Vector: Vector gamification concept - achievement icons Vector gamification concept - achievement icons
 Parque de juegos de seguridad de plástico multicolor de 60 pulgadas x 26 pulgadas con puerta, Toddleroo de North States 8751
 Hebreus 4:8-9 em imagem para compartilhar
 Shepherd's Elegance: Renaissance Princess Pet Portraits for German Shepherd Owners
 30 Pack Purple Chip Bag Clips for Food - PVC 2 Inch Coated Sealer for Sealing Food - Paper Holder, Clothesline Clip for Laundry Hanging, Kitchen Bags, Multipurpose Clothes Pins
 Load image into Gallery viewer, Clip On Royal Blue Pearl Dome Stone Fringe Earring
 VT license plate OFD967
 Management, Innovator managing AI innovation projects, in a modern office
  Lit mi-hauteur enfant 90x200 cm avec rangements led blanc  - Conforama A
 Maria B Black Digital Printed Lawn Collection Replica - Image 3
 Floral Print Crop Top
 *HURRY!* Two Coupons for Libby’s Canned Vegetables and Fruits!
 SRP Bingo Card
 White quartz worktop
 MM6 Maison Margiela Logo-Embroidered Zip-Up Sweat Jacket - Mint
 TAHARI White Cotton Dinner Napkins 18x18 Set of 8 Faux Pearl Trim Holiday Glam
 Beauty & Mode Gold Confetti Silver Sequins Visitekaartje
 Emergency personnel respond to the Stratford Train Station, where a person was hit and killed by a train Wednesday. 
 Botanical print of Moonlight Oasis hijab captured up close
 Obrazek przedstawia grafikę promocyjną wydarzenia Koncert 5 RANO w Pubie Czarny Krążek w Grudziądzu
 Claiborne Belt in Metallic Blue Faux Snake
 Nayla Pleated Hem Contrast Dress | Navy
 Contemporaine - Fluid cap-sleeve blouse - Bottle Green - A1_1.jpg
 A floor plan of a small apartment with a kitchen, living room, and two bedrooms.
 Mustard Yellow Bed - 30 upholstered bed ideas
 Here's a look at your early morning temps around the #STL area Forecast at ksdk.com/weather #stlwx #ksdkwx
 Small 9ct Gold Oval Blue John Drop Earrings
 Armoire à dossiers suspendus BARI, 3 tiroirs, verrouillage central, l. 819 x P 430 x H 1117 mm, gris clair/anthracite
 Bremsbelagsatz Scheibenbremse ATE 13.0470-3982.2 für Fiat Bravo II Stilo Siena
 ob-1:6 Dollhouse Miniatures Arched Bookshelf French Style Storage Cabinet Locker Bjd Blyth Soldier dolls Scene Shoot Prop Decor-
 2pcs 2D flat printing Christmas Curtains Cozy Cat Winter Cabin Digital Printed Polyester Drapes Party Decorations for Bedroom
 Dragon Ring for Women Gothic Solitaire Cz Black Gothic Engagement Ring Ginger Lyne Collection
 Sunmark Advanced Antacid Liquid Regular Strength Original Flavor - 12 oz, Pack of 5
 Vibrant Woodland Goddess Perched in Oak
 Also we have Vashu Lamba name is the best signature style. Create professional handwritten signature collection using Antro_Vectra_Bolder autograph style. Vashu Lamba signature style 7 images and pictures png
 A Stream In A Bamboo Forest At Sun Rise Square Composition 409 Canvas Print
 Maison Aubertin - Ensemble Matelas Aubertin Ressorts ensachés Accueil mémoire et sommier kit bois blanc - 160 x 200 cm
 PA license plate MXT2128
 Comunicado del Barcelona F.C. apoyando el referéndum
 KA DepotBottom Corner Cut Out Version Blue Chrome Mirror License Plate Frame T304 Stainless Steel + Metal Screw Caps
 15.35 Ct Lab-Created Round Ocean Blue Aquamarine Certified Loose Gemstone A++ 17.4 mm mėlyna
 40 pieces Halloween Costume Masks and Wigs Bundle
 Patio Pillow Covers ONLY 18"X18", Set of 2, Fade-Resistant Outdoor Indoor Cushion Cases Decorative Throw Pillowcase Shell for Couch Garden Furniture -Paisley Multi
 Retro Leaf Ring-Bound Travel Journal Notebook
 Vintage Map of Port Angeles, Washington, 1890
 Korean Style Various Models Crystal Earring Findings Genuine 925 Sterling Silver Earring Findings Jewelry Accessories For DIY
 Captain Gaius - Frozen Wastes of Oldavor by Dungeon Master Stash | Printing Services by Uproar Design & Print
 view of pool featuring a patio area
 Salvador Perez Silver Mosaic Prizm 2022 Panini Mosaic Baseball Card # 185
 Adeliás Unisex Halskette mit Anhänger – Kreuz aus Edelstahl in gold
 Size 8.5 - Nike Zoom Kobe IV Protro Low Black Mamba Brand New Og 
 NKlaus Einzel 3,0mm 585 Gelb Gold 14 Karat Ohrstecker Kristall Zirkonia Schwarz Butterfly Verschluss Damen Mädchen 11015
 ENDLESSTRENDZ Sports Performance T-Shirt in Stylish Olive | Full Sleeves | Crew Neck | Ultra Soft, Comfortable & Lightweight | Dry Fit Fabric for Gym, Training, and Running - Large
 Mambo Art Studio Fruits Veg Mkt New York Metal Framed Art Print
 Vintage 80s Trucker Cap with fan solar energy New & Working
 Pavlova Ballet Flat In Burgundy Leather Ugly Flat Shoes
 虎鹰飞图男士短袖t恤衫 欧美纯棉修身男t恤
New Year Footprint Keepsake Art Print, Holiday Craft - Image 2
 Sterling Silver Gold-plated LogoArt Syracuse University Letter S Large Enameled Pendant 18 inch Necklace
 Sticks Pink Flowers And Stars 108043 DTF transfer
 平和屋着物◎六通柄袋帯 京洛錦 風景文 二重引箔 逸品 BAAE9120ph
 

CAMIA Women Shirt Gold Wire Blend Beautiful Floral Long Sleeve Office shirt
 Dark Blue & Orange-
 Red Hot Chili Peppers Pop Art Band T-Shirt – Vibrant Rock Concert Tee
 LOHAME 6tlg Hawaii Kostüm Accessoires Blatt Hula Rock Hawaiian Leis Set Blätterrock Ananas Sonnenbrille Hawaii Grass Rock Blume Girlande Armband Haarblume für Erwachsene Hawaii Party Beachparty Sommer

EXERCISE BRIEF:
Pull out every line of the records above that contains the word "Vintage".

REPLY:
 Vintage Map of Port Angeles, Washington, 1890
 Vintage 80s Trucker Cap with fan solar energy New & Working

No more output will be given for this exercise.